__WHAT THE TASK REQUIRES__: Take the material below and extract the lines from the one with "So guys, first" through the one with "Here's a quick", word for word, without pictures.

__DATA TO USE__:
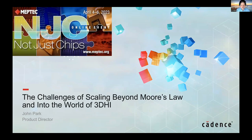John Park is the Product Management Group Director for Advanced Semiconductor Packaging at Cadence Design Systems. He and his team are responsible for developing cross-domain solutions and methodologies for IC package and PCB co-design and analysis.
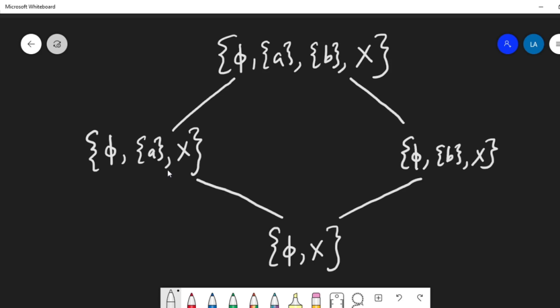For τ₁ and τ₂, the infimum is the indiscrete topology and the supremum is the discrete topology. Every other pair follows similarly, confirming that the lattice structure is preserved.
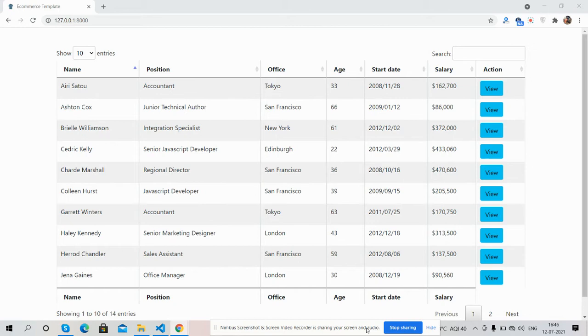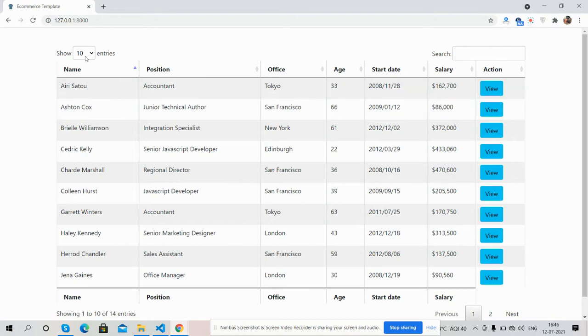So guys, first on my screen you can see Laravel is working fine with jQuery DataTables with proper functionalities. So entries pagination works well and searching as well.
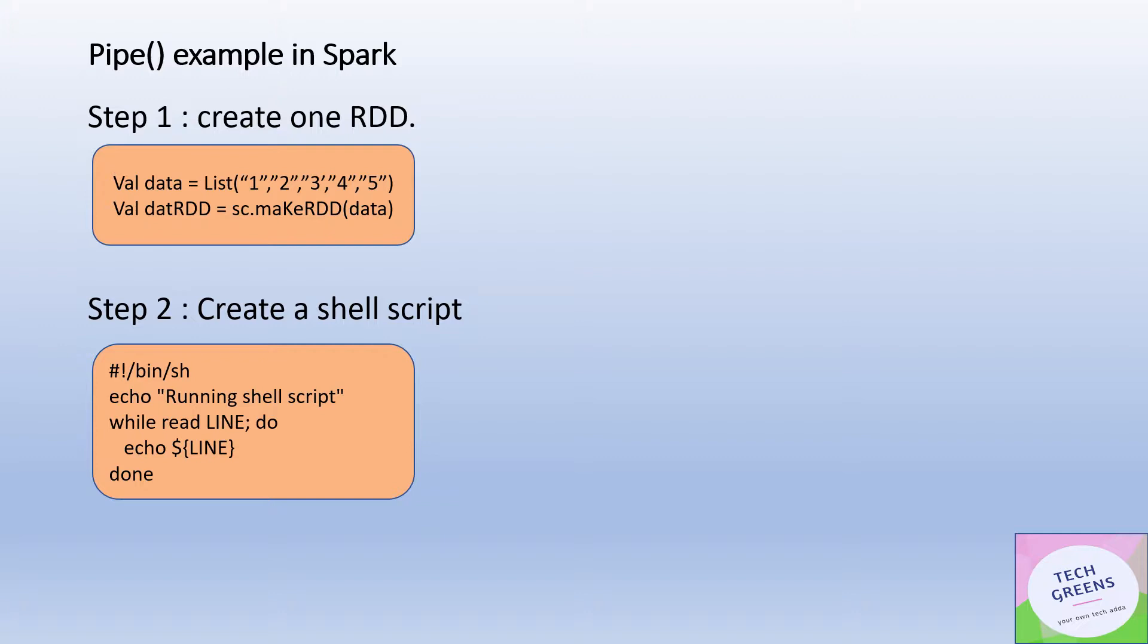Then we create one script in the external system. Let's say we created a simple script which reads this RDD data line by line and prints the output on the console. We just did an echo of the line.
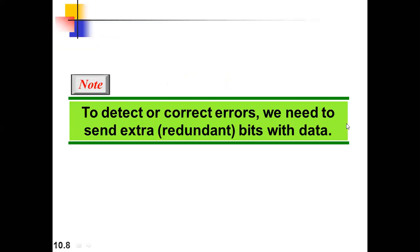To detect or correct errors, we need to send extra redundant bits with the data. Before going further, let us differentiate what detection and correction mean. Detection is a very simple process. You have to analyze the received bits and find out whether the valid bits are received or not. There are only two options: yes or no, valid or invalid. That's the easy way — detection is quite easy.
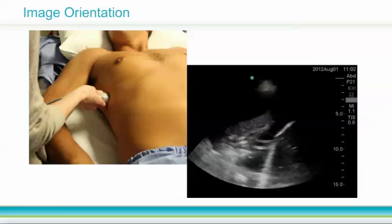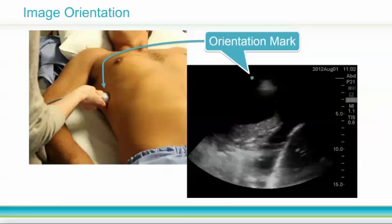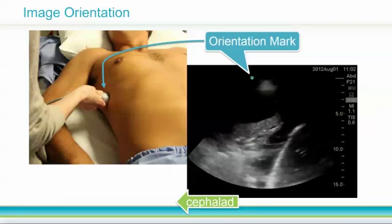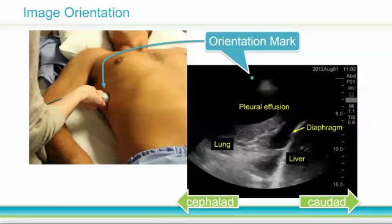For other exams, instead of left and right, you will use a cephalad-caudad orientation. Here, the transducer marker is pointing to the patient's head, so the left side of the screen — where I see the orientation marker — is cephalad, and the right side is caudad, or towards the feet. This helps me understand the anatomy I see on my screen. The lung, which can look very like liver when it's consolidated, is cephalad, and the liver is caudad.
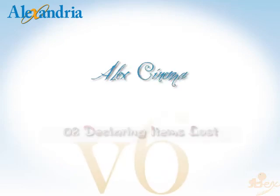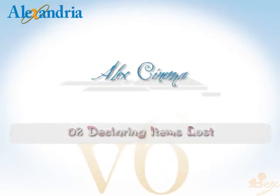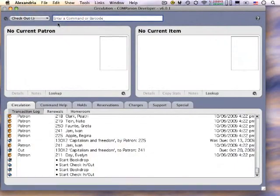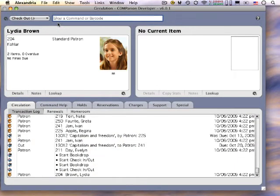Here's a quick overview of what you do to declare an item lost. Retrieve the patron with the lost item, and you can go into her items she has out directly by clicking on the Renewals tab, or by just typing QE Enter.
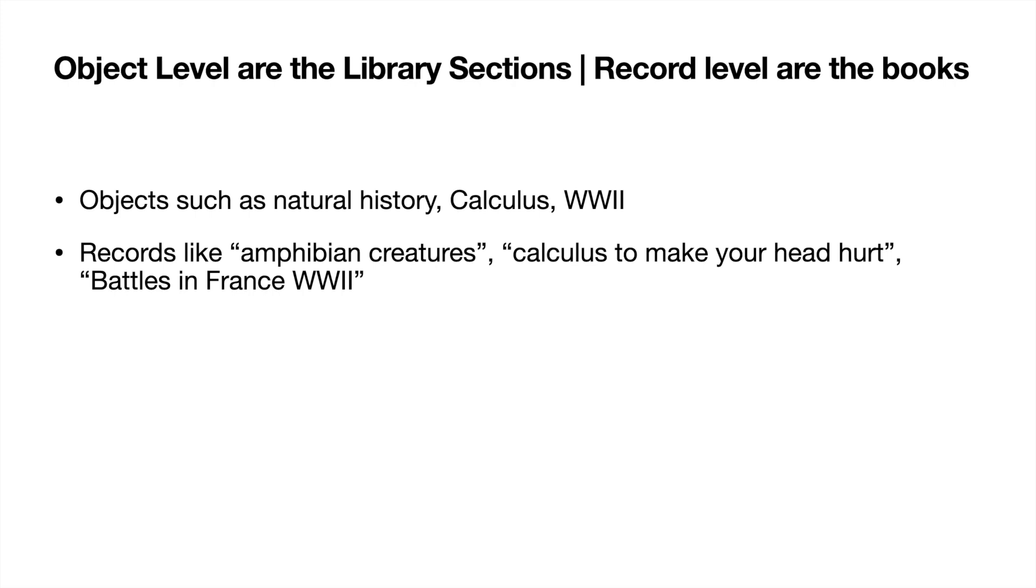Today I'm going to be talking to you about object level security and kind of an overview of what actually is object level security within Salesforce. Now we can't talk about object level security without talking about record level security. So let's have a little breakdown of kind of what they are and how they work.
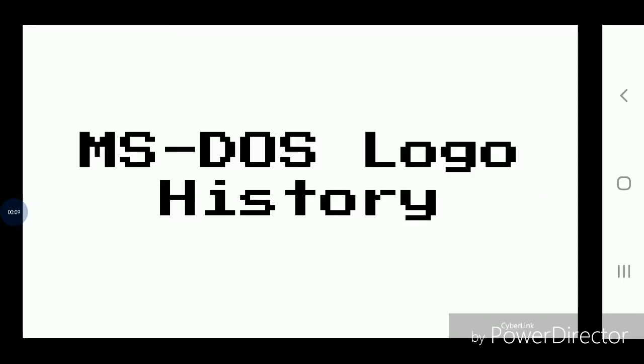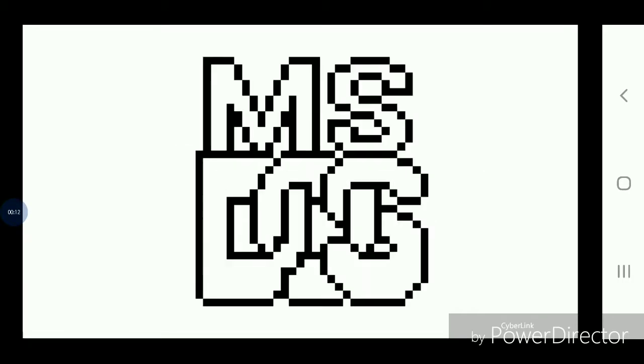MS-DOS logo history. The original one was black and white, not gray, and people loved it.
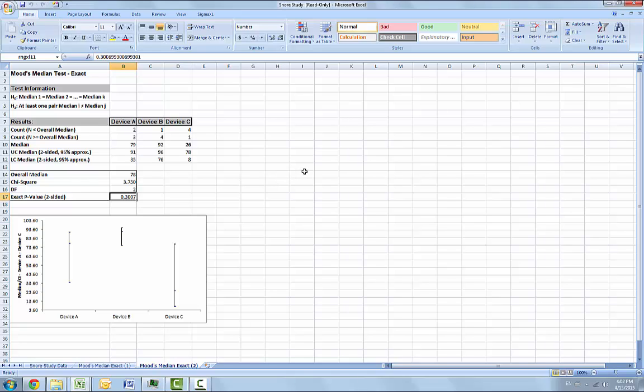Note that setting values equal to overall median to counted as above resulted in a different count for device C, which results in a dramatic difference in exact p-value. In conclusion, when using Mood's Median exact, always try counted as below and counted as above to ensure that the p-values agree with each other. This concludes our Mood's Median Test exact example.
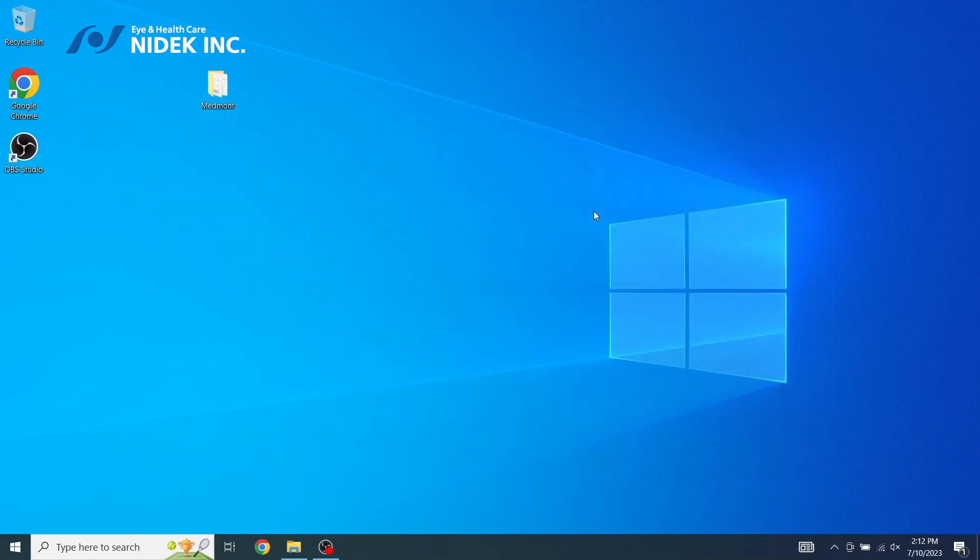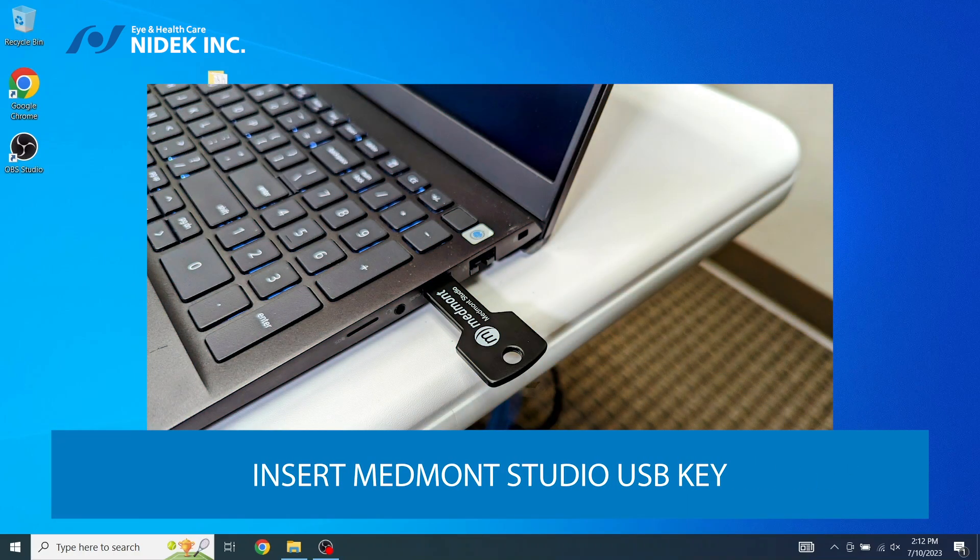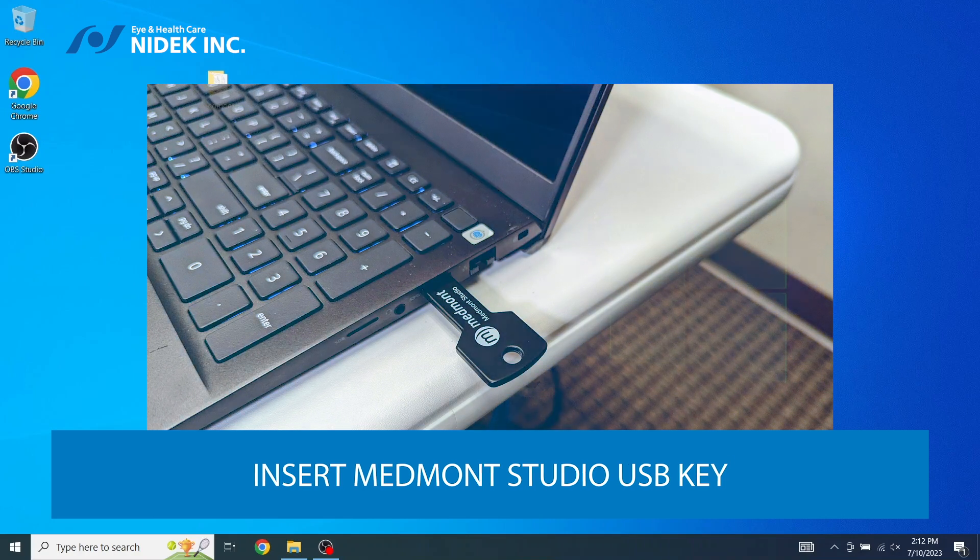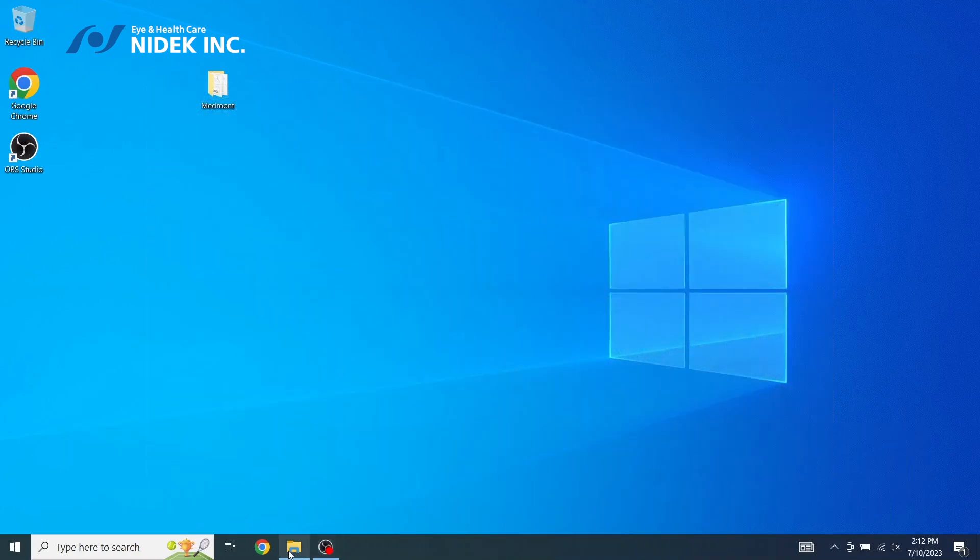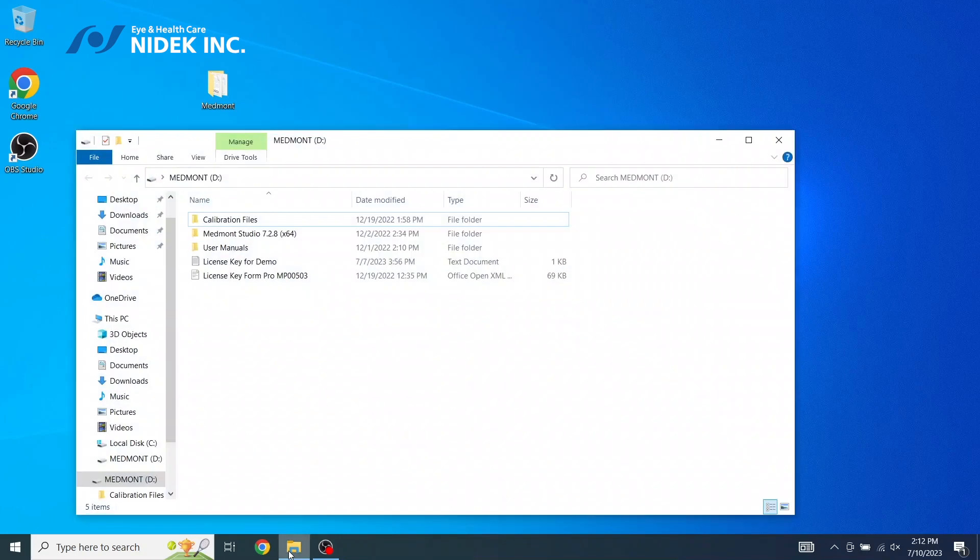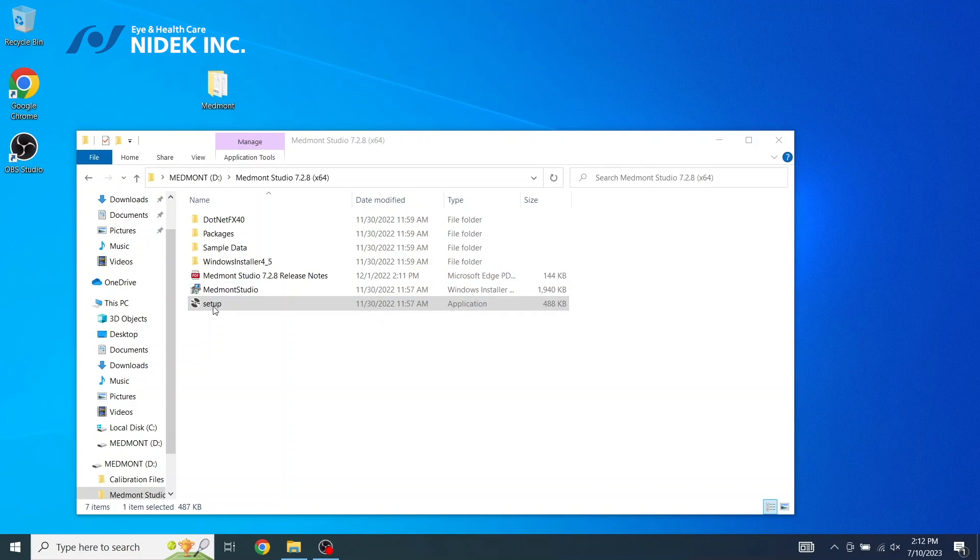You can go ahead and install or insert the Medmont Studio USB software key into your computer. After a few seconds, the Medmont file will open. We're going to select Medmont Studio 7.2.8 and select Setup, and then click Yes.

__TASK RESULT__:
So guys, first on my screen you can see Laravel is working fine with jQuery DataTables with proper functionalities. So entries pagination works well and searching as well.
Then we create one script in the external system. Let's say we created a simple script which reads this RDD data line by line and prints the output on the console. We just did an echo of the line.
To detect or correct errors, we need to send extra redundant bits with the data. Before going further, let us differentiate what detection and correction mean. Detection is a very simple process. You have to analyze the received bits and find out whether the valid bits are received or not. There are only two options: yes or no, valid or invalid. That's the easy way — detection is quite easy.
For other exams, instead of left and right, you will use a cephalad-caudad orientation. Here, the transducer marker is pointing to the patient's head, so the left side of the screen — where I see the orientation marker — is cephalad, and the right side is caudad, or towards the feet. This helps me understand the anatomy I see on my screen. The lung, which can look very like liver when it's consolidated, is cephalad, and the liver is caudad.
Here's a quick overview of what you do to declare an item lost. Retrieve the patron with the lost item, and you can go into her items she has out directly by clicking on the Renewals tab, or by just typing QE Enter.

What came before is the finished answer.